The Ohio State University Medical Center
The Ohio State University
Ohio State University Medical Center
Introduction: In the context of acute cell damage, TFAM, normally tightly bound to mitochondrial DNA, is shown to promote Type I interferon release from dendritic cells through RAGE and TLR9 (Julian et al. J Immunol 2012; 189:433-43.), which has implications for the adaptive immune response. However, it is unclear if TFAM also promotes innate immune responses.
Hypothesis: We hypothesize that TFAM promotes innate immune responses by enhancing the recognition of DNA through RAGE and TLR9-dependent mechanisms.

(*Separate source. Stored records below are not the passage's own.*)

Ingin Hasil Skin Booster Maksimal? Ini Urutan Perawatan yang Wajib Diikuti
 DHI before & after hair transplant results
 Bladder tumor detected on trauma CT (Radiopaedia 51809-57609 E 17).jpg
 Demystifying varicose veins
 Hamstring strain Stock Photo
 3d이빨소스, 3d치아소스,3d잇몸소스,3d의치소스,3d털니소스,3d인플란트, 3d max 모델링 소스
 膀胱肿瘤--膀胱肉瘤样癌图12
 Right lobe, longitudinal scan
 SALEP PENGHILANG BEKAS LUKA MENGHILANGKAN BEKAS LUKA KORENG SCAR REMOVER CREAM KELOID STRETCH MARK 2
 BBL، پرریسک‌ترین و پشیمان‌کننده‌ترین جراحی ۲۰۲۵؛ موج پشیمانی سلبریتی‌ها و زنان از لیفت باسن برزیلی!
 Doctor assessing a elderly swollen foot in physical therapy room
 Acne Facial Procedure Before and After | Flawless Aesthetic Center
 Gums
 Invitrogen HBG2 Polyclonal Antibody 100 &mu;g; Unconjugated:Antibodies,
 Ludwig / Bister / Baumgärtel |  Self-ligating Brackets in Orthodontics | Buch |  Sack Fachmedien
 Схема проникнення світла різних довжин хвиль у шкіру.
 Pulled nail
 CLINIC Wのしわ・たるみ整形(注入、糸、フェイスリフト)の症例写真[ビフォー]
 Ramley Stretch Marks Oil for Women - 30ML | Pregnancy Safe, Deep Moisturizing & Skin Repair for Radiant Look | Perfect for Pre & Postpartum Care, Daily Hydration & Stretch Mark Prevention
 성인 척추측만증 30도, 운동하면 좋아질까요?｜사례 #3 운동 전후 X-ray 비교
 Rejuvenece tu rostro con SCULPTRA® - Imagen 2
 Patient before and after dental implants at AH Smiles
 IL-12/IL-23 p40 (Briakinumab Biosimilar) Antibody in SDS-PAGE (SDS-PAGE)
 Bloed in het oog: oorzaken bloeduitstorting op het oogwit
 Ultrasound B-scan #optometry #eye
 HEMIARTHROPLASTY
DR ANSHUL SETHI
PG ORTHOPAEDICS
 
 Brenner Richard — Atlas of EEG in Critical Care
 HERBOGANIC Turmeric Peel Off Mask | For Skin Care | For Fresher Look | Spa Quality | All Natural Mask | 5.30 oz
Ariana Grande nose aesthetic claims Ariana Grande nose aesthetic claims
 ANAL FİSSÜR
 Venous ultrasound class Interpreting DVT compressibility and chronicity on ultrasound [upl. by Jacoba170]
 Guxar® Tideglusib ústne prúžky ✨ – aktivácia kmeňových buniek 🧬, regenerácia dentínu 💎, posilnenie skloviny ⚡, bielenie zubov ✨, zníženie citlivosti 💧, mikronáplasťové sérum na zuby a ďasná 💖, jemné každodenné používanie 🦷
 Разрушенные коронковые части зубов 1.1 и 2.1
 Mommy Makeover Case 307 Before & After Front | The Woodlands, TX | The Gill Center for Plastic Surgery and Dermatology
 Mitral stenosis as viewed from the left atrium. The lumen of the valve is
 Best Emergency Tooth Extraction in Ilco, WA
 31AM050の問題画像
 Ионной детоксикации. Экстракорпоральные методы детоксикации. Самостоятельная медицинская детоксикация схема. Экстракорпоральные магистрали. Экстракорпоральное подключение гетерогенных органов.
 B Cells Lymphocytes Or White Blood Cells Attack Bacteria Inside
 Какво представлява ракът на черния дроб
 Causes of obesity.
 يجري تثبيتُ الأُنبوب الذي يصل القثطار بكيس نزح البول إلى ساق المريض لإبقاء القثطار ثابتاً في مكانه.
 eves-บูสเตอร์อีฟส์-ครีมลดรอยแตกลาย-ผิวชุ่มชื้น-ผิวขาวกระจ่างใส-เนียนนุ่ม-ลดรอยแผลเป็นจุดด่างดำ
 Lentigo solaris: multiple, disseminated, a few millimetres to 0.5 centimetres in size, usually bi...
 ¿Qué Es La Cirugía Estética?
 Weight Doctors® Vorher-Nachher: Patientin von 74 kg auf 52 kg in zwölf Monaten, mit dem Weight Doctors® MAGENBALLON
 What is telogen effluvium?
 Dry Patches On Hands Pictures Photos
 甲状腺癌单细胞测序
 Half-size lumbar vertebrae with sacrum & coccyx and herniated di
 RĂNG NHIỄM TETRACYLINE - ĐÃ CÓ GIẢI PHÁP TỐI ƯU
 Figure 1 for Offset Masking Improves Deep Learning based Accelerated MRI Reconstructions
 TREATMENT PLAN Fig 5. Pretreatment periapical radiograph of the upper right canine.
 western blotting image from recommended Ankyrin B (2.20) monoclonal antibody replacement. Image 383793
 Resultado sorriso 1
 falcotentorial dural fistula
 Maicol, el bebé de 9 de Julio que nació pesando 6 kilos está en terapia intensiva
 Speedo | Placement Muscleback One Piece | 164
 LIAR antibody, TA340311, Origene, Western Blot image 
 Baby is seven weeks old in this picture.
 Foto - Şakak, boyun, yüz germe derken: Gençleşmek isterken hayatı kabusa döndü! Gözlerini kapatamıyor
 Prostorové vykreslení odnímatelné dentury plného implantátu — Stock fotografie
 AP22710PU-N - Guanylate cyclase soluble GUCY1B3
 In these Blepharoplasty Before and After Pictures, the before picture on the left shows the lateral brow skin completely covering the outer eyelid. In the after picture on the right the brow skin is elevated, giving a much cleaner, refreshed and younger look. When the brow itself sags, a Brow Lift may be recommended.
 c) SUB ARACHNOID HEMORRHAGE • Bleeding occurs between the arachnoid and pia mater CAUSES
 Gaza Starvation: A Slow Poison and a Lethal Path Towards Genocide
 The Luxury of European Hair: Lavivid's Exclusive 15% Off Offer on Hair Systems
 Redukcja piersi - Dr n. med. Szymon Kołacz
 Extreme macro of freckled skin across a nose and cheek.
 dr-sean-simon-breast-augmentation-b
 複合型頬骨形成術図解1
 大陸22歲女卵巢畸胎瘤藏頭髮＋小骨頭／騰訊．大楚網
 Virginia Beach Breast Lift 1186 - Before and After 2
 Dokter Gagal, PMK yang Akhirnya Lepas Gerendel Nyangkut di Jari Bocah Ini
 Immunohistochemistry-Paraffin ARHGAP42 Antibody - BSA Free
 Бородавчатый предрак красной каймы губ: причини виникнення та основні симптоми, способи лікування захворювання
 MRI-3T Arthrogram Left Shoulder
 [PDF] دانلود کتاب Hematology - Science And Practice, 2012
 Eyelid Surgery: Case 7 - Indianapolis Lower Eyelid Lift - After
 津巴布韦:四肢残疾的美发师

Methods: Murine splenocyte cultures were used to determine if highly purified recombinant human TFAM promotes TNFα release (measured by ELISA) alone or in combination with immunogenic (CpG) DNA. The role of RAGE was determined by pretreatment with soluble RAGE (sRAGE), use of RAGE (-/-) splenocytes, or heparin. The role of TLR9 was tested with a specific TLR9-blocking oligonucleotide, and by inhibiting putative TLR9 signaling mechanisms including inhibition of endosomal acidification (chloroquine), PI3K (LY294002) and NFkB (Bay). PI3K and NFkB phosphorylation status were verified by western blot. Additional studies were performed to determine if heparin sulfate moieties required for RAGE signaling (heparin lyase) or endothelin converting enzyme-1 (ECE-1)-dependent recycling of endosomal receptors were engaged in TFAM and DNA recognition.
Results: Our data confirms that TFAM augments TNFα release from splenocyte cultures in response to DNA through RAGE and TLR9 signaling pathways, including endosomal acidification, PI3K and NFkB signaling. Moreover, inhibition of ECE-1 or cleavage of heparin sulfate moieties completely blocked the immune response. Furthermore, depletion of dendritic cells from the splenocyte preparation was shown to inhibit TNFα release in response to TFAM and DNA. Recombinant TFAM, alone, did not promote TNFα release under these conditions.
Conclusions: TFAM is shown to augment the innate immune response to DNA through mechanisms involving RAGE and TLR9 signaling pathways, and is dependent, at least in part, upon dendritic cells. This study is the first, to our knowledge, to incriminate ECE-1-dependent endosomal recycling of TLR9, which amplifies antigen-mediated signaling (Roosterman et al. PNAS 2007; 104:11838-43.), in the context of immune responses. These findings have important implications for understanding sterile immune responses triggered by mitochondrial danger signals. Supported, in part, by NIH grants: R21-AI083912 and RO3-AI62740 (EDC), and by DHLRI Davis Endowment Fund.